Se il cinema italiano lascia senza parole, dagli USA arriva un film mozzafiato, ricco di azione da film di guerra ad alta tensione, che offre suspense, dramma storico e commedia hollywoodiana. Ben Affleck ha fuso con maestria questi elementi per realizzare Argo, il suo terzo film da regista, che ha interpretato e coprodotto con George Clooney e Grant Heslov, che Warner Bros. distribuirà in oltre 300 sale italiane dall’8 novembre. Per sé ha ritagliato l’affascinante ruolo del protagonista, l’agente della CIA Tony Mendez, al fianco degli ottimi Bryan Cranston, Alan Arkin, John Goodman, Victor Garber.

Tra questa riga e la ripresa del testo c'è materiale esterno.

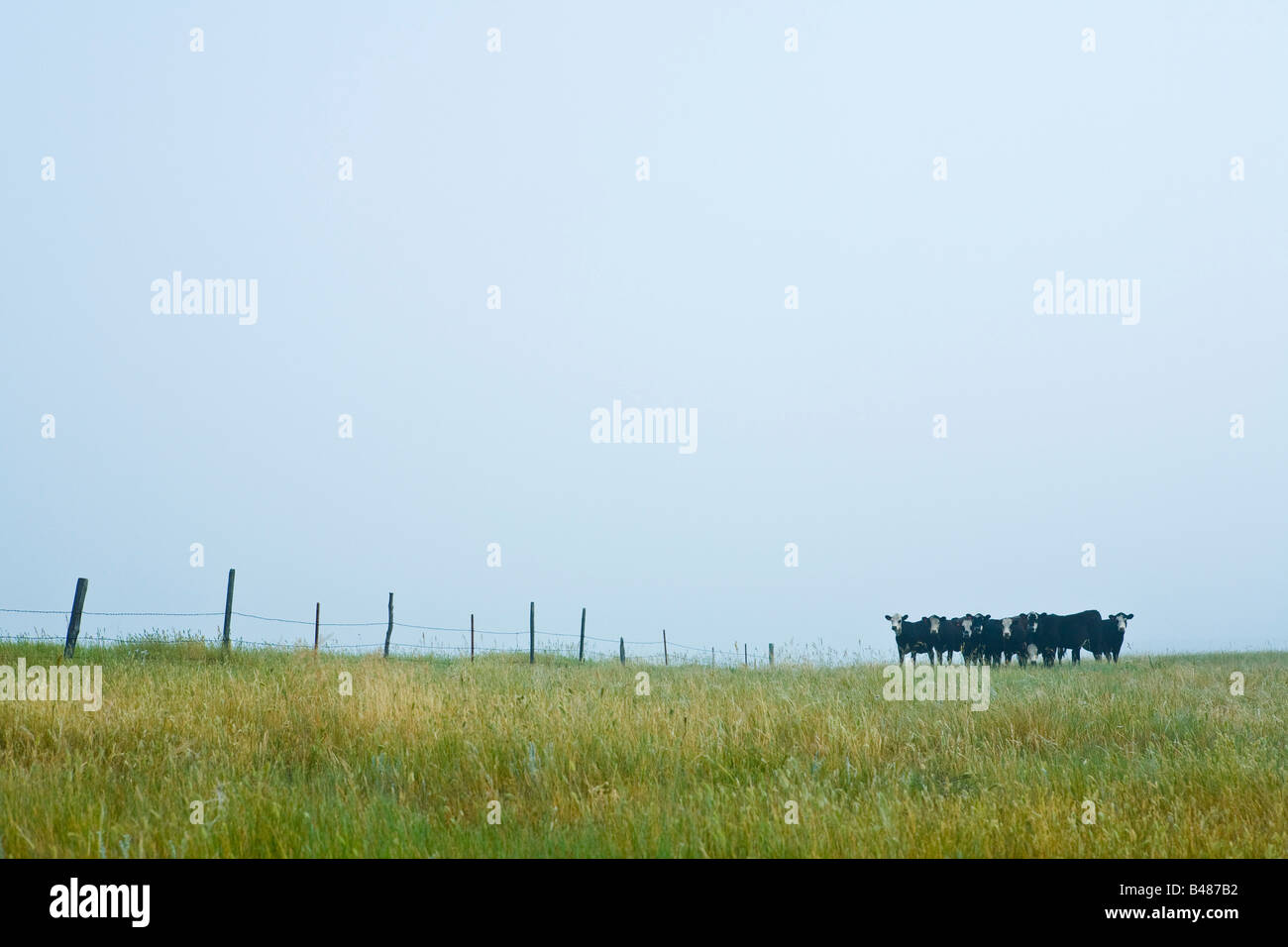 Le bétail de la rivière Missouri dans le Dakota du Nord Banque D'Images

Il film, girato tra Los Angeles, Washington D.C. e Istanbul, basato su fatti realmente accaduti, racconta la missione segretissima e impossibile affidata all’agente Mendez, specializzato in azioni di infiltrazione, per liberare sei cittadini statunitensi durante la crisi degli ostaggi in Iran. Un thriller coinvolgente sin dalle prime sequenze, dal ritmo incalzante e dall’intreccio ben articolato, su una delle esfiltrazioni più clamorose della storia dei servizi segreti americani, che riesce persino a ironizzare pesantemente e in modo esilarante sugli “studios” con scambi di battute al vetriolo tra un produttore e un regista americani.

Affleck ha tratto il film da una sceneggiatura di Chris Terrio basata su un estratto di Master in Disguise di Antonio J. Mendez e dall’articolo The Great Escape del Wired Magazine. «Il materiale era tantissimo – spiega l’attore, regista e produttore, presentando il film a Roma -, ho voluto attenermi alle verità fondamentali della storia, aggiungendo un po’ di azione nella seconda parte del film per creare più pathos». Non voleva fare un film politico, spiega: «Volevo mostrare da varie prospettive com’era la situazione in Iran trent’anni fa, commentare quella storia così forte. Non sono un esperto politico ma la crisi degli ostaggi danneggiò l’amministrazione Carter – sottolinea –. Comunque il cinema non deve necessariamente salvare la gente. È una forma d’arte che può toccare, commuovere, volevo rendere omaggio a chi si sacrifica per il proprio paese, senza essere didattico. La storia si è ripetuta, oggi non siamo tanto lontani da quegli eventi».

Clooney, che con lui ha prodotto il film, l’ha consigliato nell’affrontare questa terza regia. «Non è facile avere fiducia in se stessi quando si deve decidere di dirigere un film – confessa Affleck -. Da attore cerchi una valida parte, ma ho dovuto riflettere a lungo prima di passare dietro la macchina da presa. Clooney mi ha aiutato e protetto, si è preso cura di me. Fa film politici, è molto intelligente, osservatore, tra noi c’è un ottimo scambio di opinioni».

Della gustosa presa in giro degli Studios dice: «Anche nell’umorismo c’è un fondo di verità. Hollywood è piena di cialtroni che tirano acqua al loro mulino – ammette -, come i due produttori del film che mostrano cinismo verso certi registi pomposi». Li definiscono ‘macachi’: «Qualcuno in giro c’è, forse anch’io lo sono» ridacchia Affleck. Sarà, ma non è da tutti realizzare un buo film, così carico di suspense. «È da attribuire alla recitazione – si schermisce lui -, ti fa accelerare il battito cardiaco. Ci vuole una buona scrittura – spiega -, senza troppi calcoli matematici, senza abbellire troppo le riprese falsando la realtà».